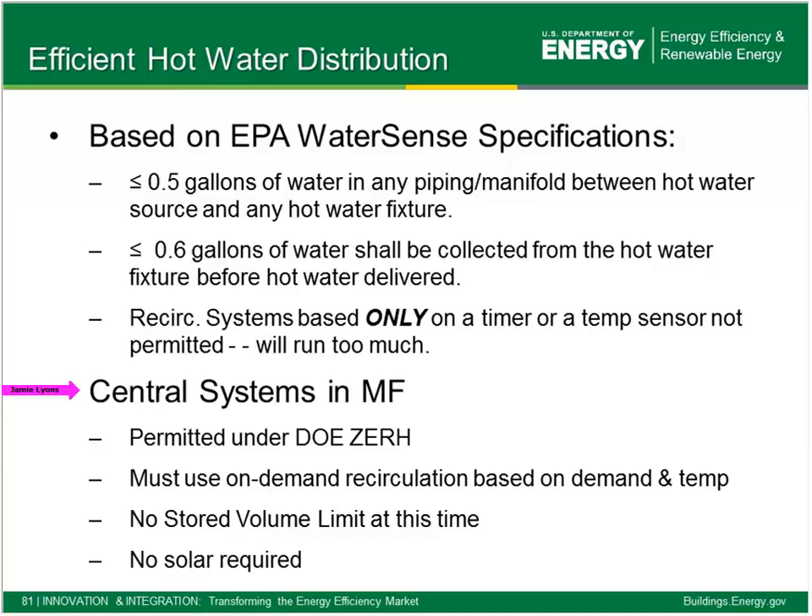For central systems in multifamily, central hot water is permitted. They have to use an on-demand recirc system based on some kind of demand indicator — it could be a flow indicator in the hot water piping combined with temperature — so the system knows there is a demand and the loop temp is below a threshold before circulating hot water. For multifamily we don't yet have the 0.5-gallon stored volume limit — we're still trying to get our head around a reasonable number to use there. And as mentioned, there is no longer a solar thermal requirement for central systems.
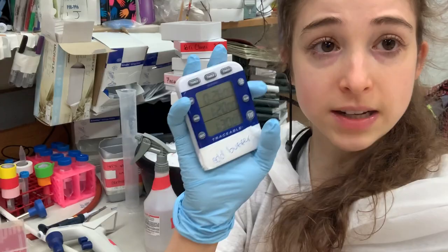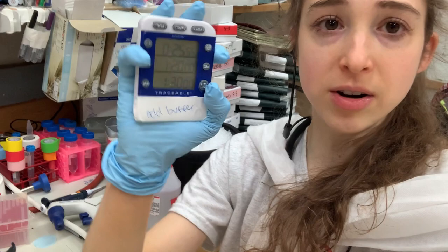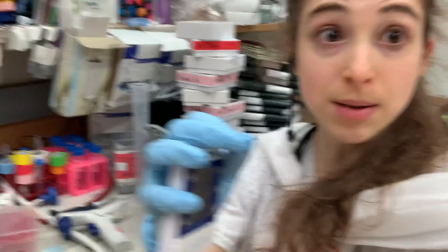Seriously, timers are so undervalued. One of the greatest things I got was this multi-channel timer that counts up and down. The only thing I want is a timer with like a five-second countdown before you start — you press the button and it counts down five, four, three, two, one. Because how are you supposed to simultaneously hold the tube, pipette, and press start at the same time? I don't have enough hands for that. So if anyone making these timers is listening — pretty please!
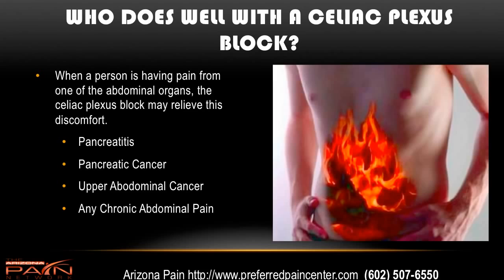Who does well with a celiac plexus block? When a person is having pain from any one of the abdominal organs, the celiac plexus block may relieve the discomfort. This could be anything from pancreatitis, pancreatic cancer, any other upper abdominal cancers, any chronic abdominal pain such as irritable bowel, inflammatory bowel, or scar tissue from a previous abdominal surgery.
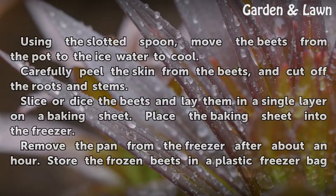Fill a bowl with cold water and ice. Using the slotted spoon, move the beets from the pot to the ice water to cool. Carefully peel the skin from the beets and cut off the roots and stems.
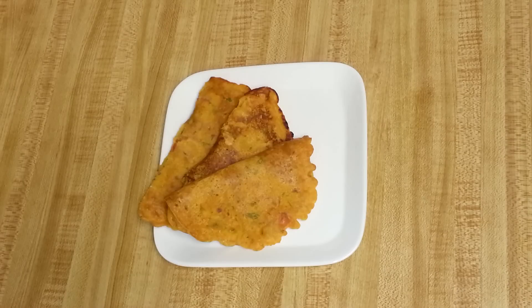Vegetable tomato omelette is ready! You can eat it with tomato ketchup or hot sauce of your choice. I hope you all like my recipe — thank you so much, bye bye!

# Work task
Go through the entries above and write them out again exactly, images left behind.

# Exercise result
For central systems in multifamily, central hot water is permitted. They have to use an on-demand recirc system based on some kind of demand indicator — it could be a flow indicator in the hot water piping combined with temperature — so the system knows there is a demand and the loop temp is below a threshold before circulating hot water. For multifamily we don't yet have the 0.5-gallon stored volume limit — we're still trying to get our head around a reasonable number to use there. And as mentioned, there is no longer a solar thermal requirement for central systems.
Seriously, timers are so undervalued. One of the greatest things I got was this multi-channel timer that counts up and down. The only thing I want is a timer with like a five-second countdown before you start — you press the button and it counts down five, four, three, two, one. Because how are you supposed to simultaneously hold the tube, pipette, and press start at the same time? I don't have enough hands for that. So if anyone making these timers is listening — pretty please!
Who does well with a celiac plexus block? When a person is having pain from any one of the abdominal organs, the celiac plexus block may relieve the discomfort. This could be anything from pancreatitis, pancreatic cancer, any other upper abdominal cancers, any chronic abdominal pain such as irritable bowel, inflammatory bowel, or scar tissue from a previous abdominal surgery.
Fill a bowl with cold water and ice. Using the slotted spoon, move the beets from the pot to the ice water to cool. Carefully peel the skin from the beets and cut off the roots and stems.
Vegetable tomato omelette is ready! You can eat it with tomato ketchup or hot sauce of your choice. I hope you all like my recipe — thank you so much, bye bye!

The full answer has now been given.